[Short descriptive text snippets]
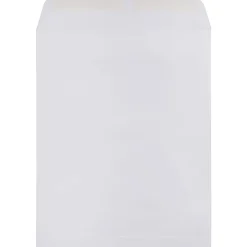 JAM Paper® Open-End Envelopes, 11-1/2 x 14-1/2, Gummed Seal, White, Pack Of 50 Envelopes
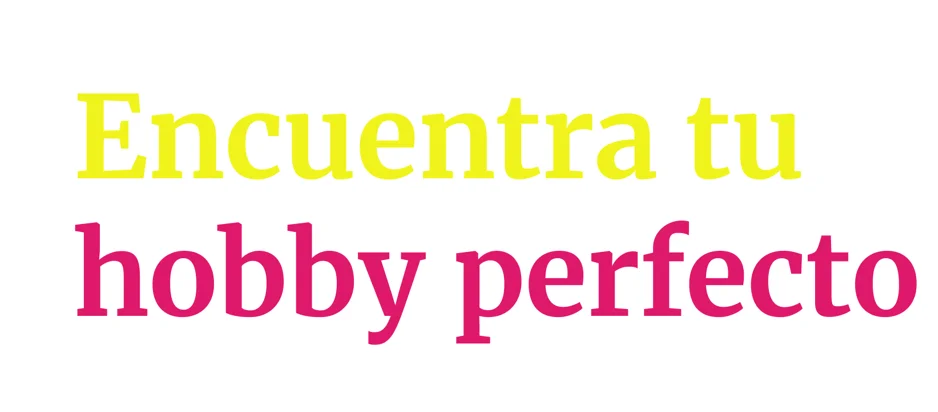 Find Your perfect hobbie — Spanish cover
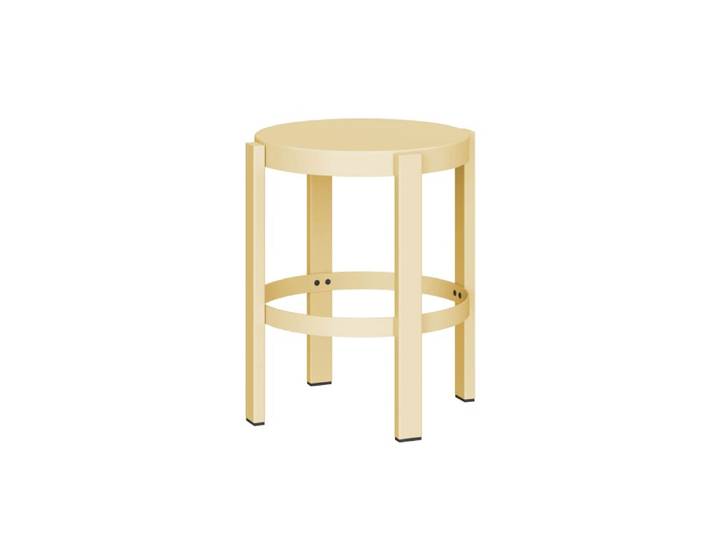 Noo.ma doon hocker tabouret rond en acier 35 x 35 x 45 cm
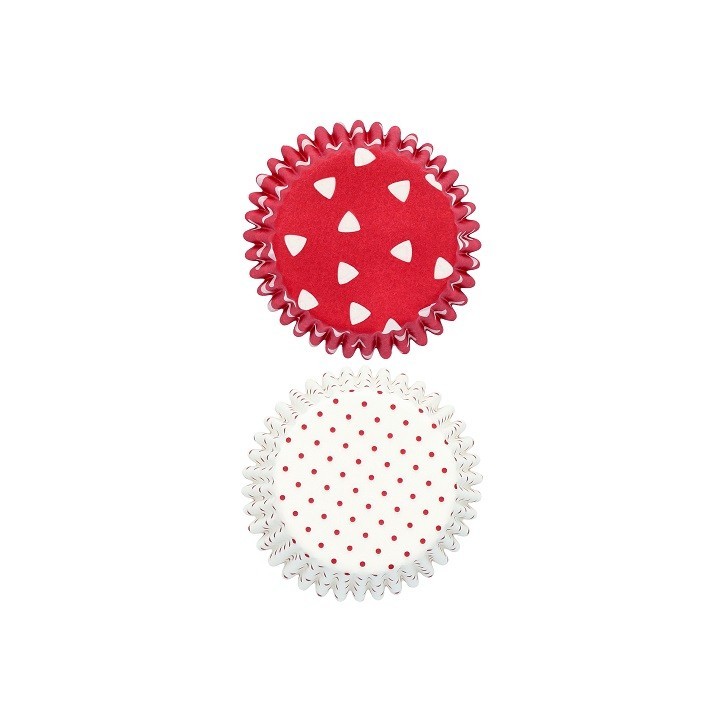 Birkmann Cupcake Cases Red/White 100 Pcs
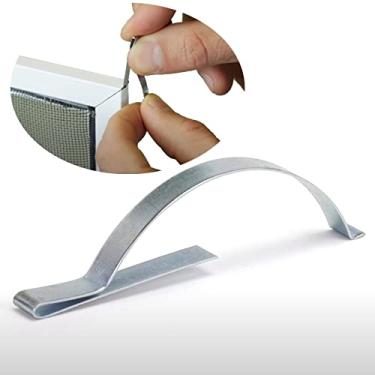 Imagem de Clipes de canto de mola de tensão para tela de janela, suporte de canto de janela, barra de suporte de tela, tela deslizante em canal de alumínio com segurança e segurança, 6,5 cm de largura, 30 peças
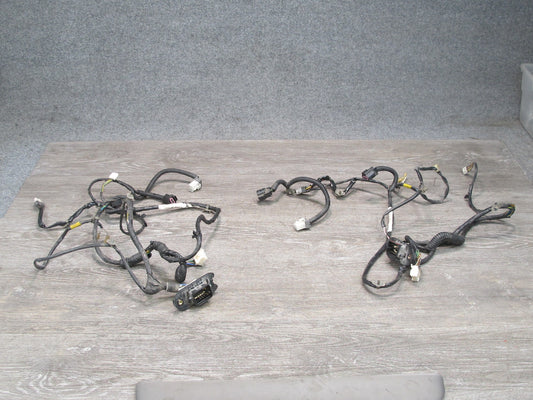 91-93 Mitsubishi 3000GT Set of 2 Left & Right Door Wire Wiring Harness OEM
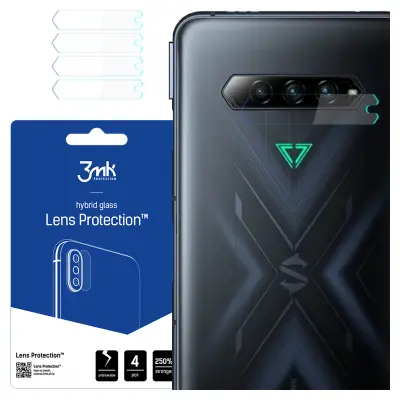 XIAOMI BLACK SHARK 4 PRO 5G ZAŠČITNO STEKLO 3MK ZAŠČITA ZA LEČE ZA TELEFON
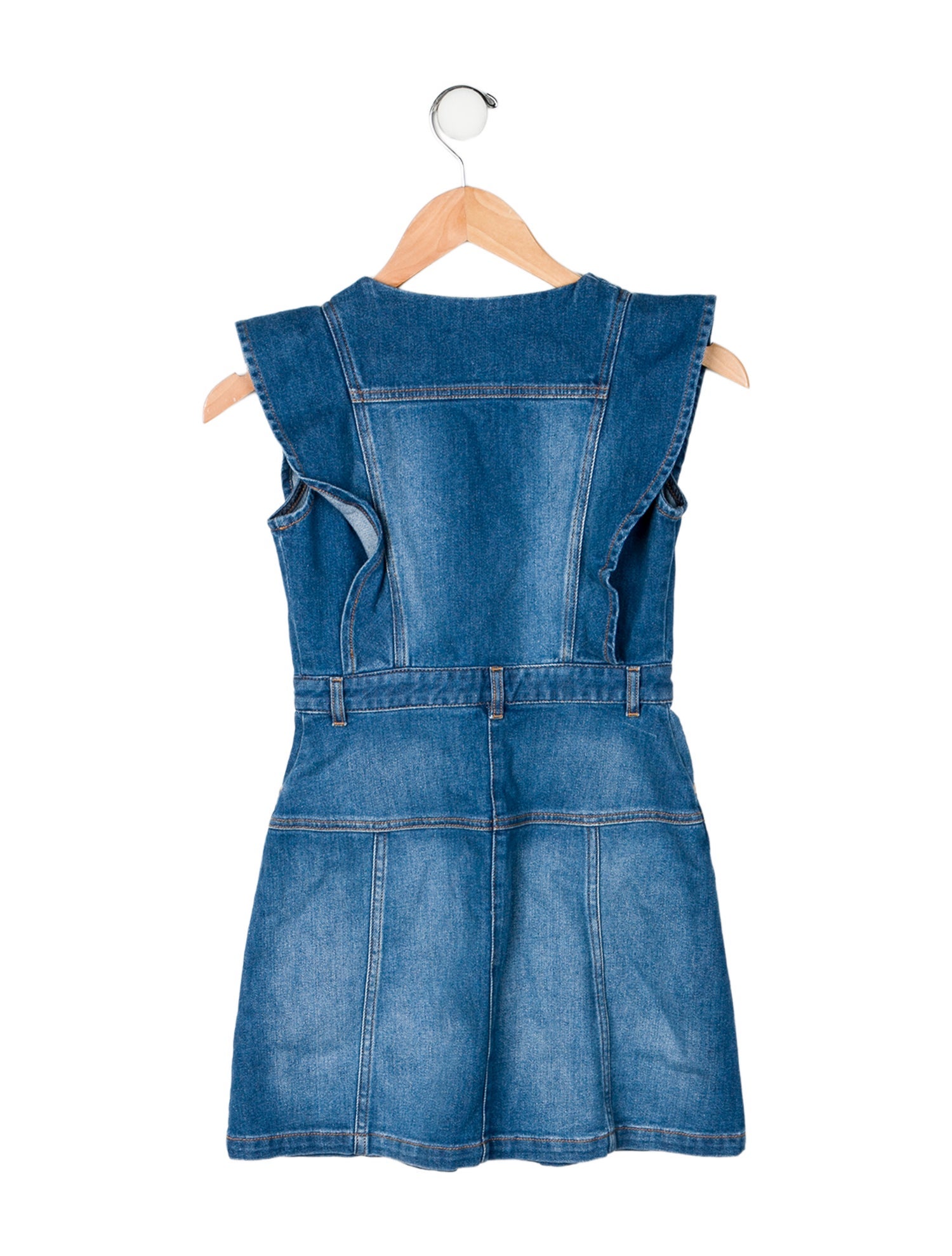 Chloé Short Sleeve Denim Dress w/Tags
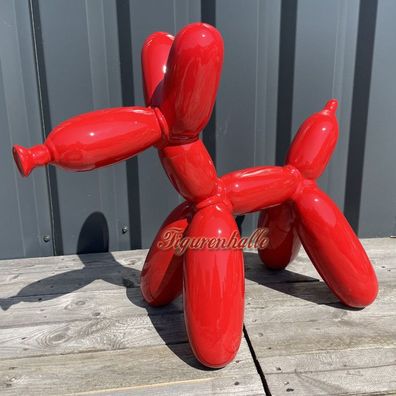 Desgin Hund Ballon Abstrakt Pop Art Figur Statue Skulptur Deko Modern Luftballon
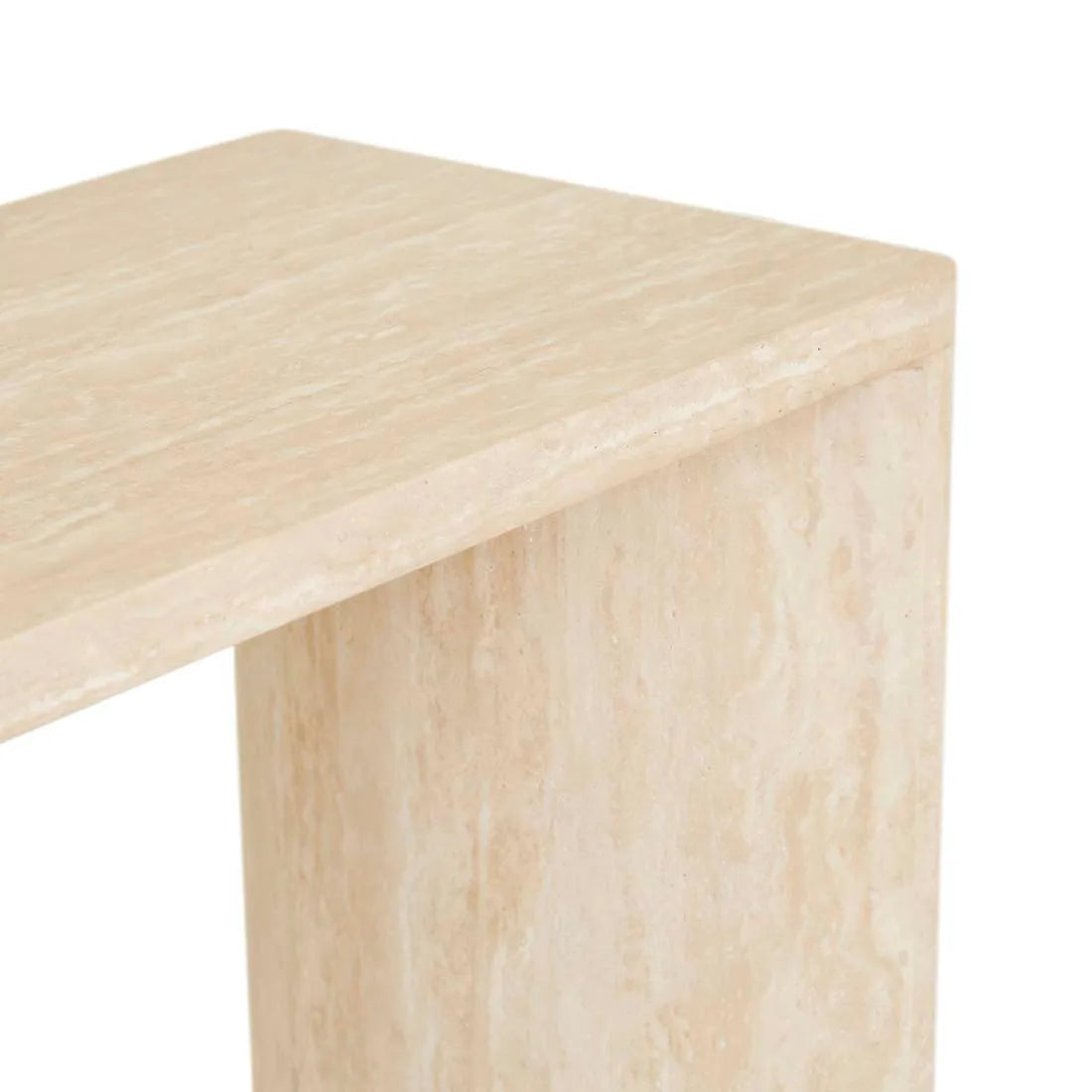 Verity Console Table Travertine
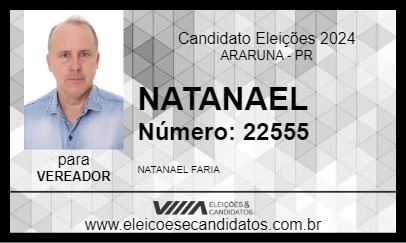 Candidato NATANAEL 2024 - ARARUNA - Eleições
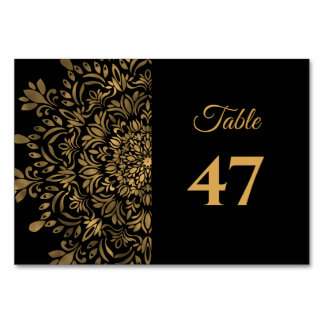 Traditionele mandala klassieke luxe trouwdag kaart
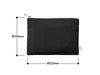 オーガニックコットンキャンバスフラットポーチ（M）　ナイトブラック商品サイズ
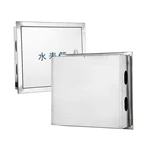 Caja de contador de agua individual de acero inoxidable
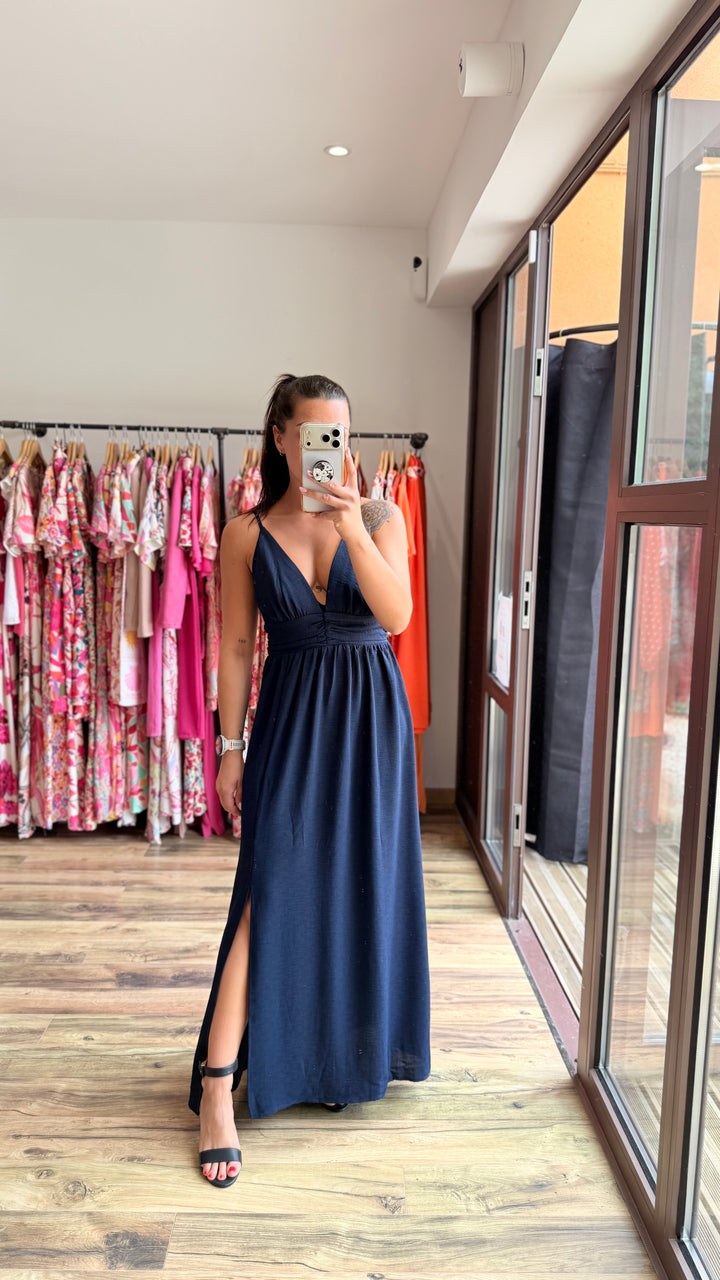 Robe longue Bola marine
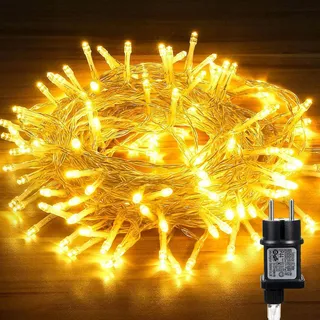LED Lichtsnoer Buiten 10M 80 LED Tuin Terras Warm Wit — miniatuur 1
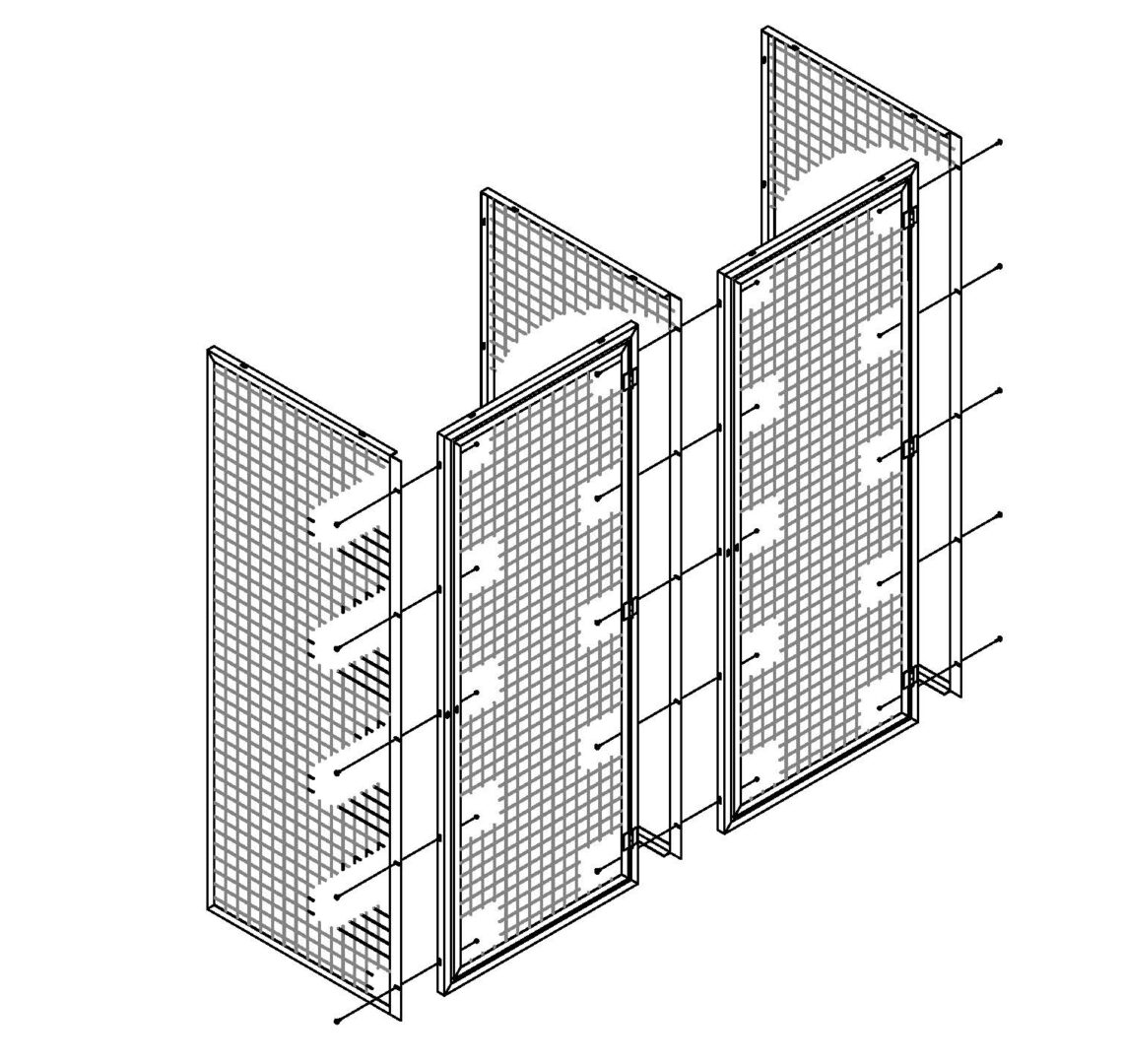Door Buck And Return — ProGuard tenant locker construction drawing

Task objective -> The lines above must be transcribed exactly, with every picture left out.

Solved exercise ->
 JAM Paper® Open-End Envelopes, 11-1/2 x 14-1/2, Gummed Seal, White, Pack Of 50 Envelopes
 Find Your perfect hobbie — Spanish cover
 Noo.ma doon hocker tabouret rond en acier 35 x 35 x 45 cm
 Birkmann Cupcake Cases Red/White 100 Pcs
 Imagem de Clipes de canto de mola de tensão para tela de janela, suporte de canto de janela, barra de suporte de tela, tela deslizante em canal de alumínio com segurança e segurança, 6,5 cm de largura, 30 peças
 91-93 Mitsubishi 3000GT Set of 2 Left & Right Door Wire Wiring Harness OEM
 XIAOMI BLACK SHARK 4 PRO 5G ZAŠČITNO STEKLO 3MK ZAŠČITA ZA LEČE ZA TELEFON
 Chloé Short Sleeve Denim Dress w/Tags
 Desgin Hund Ballon Abstrakt Pop Art Figur Statue Skulptur Deko Modern Luftballon
 Verity Console Table Travertine
 Candidato NATANAEL 2024 - ARARUNA - Eleições
 Traditionele mandala klassieke luxe trouwdag kaart
 オーガニックコットンキャンバスフラットポーチ（M）　ナイトブラック商品サイズ
 Caja de contador de agua individual de acero inoxidable
 Robe longue Bola marine
LED Lichtsnoer Buiten 10M 80 LED Tuin Terras Warm Wit — miniatuur 1
Door Buck And Return — ProGuard tenant locker construction drawing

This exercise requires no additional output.